[What the exercise asks] Every line in the entries that holds "with" should be identified and copied.

== Extracted entries

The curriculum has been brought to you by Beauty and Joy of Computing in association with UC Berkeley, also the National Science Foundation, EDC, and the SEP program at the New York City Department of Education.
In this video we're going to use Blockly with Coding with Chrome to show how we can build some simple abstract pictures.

====
== Extracted entries

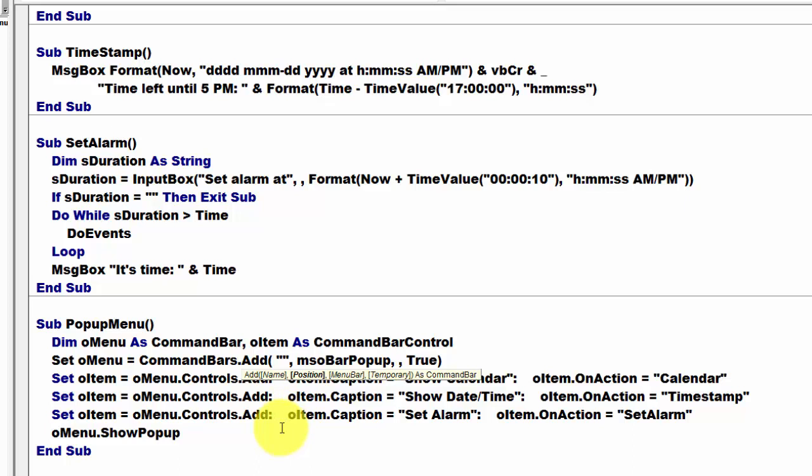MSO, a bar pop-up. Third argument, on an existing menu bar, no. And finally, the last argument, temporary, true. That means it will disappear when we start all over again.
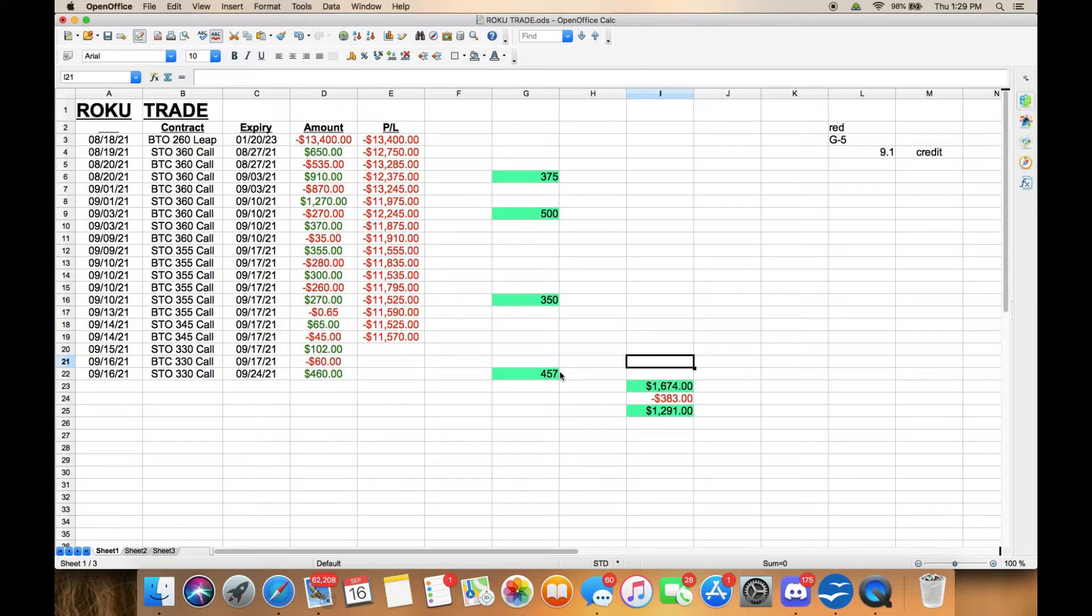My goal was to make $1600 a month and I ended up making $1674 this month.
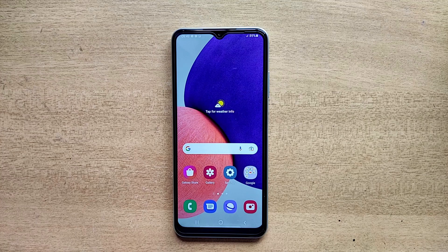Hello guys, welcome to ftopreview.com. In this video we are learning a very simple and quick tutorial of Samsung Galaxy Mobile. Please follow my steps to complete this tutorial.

====

[Response box]
The curriculum has been brought to you by Beauty and Joy of Computing in association with UC Berkeley, also the National Science Foundation, EDC, and the SEP program at the New York City Department of Education.
In this video we're going to use Blockly with Coding with Chrome to show how we can build some simple abstract pictures.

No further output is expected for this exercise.